Repeat the entries below exactly. Begin with the first line and end with the line that contains "Casa Caroli, Charme".

===== AVAILABLE RECORDS

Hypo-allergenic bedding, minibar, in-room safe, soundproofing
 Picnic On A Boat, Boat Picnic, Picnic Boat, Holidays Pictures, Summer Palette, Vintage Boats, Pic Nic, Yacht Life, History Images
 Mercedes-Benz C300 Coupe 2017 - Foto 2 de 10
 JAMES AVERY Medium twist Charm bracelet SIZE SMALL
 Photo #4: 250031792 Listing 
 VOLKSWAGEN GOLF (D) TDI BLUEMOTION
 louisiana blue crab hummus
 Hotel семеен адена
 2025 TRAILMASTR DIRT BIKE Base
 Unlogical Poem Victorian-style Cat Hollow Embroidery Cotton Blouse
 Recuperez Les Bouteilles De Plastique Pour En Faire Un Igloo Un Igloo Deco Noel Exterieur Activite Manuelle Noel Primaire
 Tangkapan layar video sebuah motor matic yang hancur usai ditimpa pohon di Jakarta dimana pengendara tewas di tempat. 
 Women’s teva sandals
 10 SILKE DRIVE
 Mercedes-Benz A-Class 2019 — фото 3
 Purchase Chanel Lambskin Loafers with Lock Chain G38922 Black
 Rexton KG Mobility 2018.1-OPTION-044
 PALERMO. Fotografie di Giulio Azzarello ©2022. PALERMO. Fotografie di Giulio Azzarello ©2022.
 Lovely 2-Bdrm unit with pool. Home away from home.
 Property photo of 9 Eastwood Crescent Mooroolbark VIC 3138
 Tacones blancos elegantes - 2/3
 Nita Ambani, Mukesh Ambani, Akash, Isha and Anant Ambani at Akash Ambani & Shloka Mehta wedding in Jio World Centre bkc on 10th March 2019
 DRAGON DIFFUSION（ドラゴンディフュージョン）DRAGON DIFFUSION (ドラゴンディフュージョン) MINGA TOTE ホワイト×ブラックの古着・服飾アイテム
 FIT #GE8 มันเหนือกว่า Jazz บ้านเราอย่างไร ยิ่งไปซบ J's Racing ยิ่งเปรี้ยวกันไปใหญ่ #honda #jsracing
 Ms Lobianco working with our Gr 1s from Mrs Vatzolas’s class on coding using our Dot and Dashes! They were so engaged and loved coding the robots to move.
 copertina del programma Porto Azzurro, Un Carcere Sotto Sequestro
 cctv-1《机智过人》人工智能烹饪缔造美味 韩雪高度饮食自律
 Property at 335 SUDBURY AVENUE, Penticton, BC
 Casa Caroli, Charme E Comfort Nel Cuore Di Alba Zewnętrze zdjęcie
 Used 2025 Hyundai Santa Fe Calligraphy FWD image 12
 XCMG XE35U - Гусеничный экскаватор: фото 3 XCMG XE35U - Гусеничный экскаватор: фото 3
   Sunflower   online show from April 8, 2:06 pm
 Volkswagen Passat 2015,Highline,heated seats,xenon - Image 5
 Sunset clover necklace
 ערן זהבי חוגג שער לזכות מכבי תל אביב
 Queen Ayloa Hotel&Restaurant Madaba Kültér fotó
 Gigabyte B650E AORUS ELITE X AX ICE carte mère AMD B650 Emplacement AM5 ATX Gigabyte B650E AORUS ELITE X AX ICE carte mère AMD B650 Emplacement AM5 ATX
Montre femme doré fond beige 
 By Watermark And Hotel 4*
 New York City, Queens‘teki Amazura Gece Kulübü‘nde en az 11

==========

REPLY TO THE TASK:
Hypo-allergenic bedding, minibar, in-room safe, soundproofing
 Picnic On A Boat, Boat Picnic, Picnic Boat, Holidays Pictures, Summer Palette, Vintage Boats, Pic Nic, Yacht Life, History Images
 Mercedes-Benz C300 Coupe 2017 - Foto 2 de 10
 JAMES AVERY Medium twist Charm bracelet SIZE SMALL
 Photo #4: 250031792 Listing 
 VOLKSWAGEN GOLF (D) TDI BLUEMOTION
 louisiana blue crab hummus
 Hotel семеен адена
 2025 TRAILMASTR DIRT BIKE Base
 Unlogical Poem Victorian-style Cat Hollow Embroidery Cotton Blouse
 Recuperez Les Bouteilles De Plastique Pour En Faire Un Igloo Un Igloo Deco Noel Exterieur Activite Manuelle Noel Primaire
 Tangkapan layar video sebuah motor matic yang hancur usai ditimpa pohon di Jakarta dimana pengendara tewas di tempat. 
 Women’s teva sandals
 10 SILKE DRIVE
 Mercedes-Benz A-Class 2019 — фото 3
 Purchase Chanel Lambskin Loafers with Lock Chain G38922 Black
 Rexton KG Mobility 2018.1-OPTION-044
 PALERMO. Fotografie di Giulio Azzarello ©2022. PALERMO. Fotografie di Giulio Azzarello ©2022.
 Lovely 2-Bdrm unit with pool. Home away from home.
 Property photo of 9 Eastwood Crescent Mooroolbark VIC 3138
 Tacones blancos elegantes - 2/3
 Nita Ambani, Mukesh Ambani, Akash, Isha and Anant Ambani at Akash Ambani & Shloka Mehta wedding in Jio World Centre bkc on 10th March 2019
 DRAGON DIFFUSION（ドラゴンディフュージョン）DRAGON DIFFUSION (ドラゴンディフュージョン) MINGA TOTE ホワイト×ブラックの古着・服飾アイテム
 FIT #GE8 มันเหนือกว่า Jazz บ้านเราอย่างไร ยิ่งไปซบ J's Racing ยิ่งเปรี้ยวกันไปใหญ่ #honda #jsracing
 Ms Lobianco working with our Gr 1s from Mrs Vatzolas’s class on coding using our Dot and Dashes! They were so engaged and loved coding the robots to move.
 copertina del programma Porto Azzurro, Un Carcere Sotto Sequestro
 cctv-1《机智过人》人工智能烹饪缔造美味 韩雪高度饮食自律
 Property at 335 SUDBURY AVENUE, Penticton, BC
 Casa Caroli, Charme E Comfort Nel Cuore Di Alba Zewnętrze zdjęcie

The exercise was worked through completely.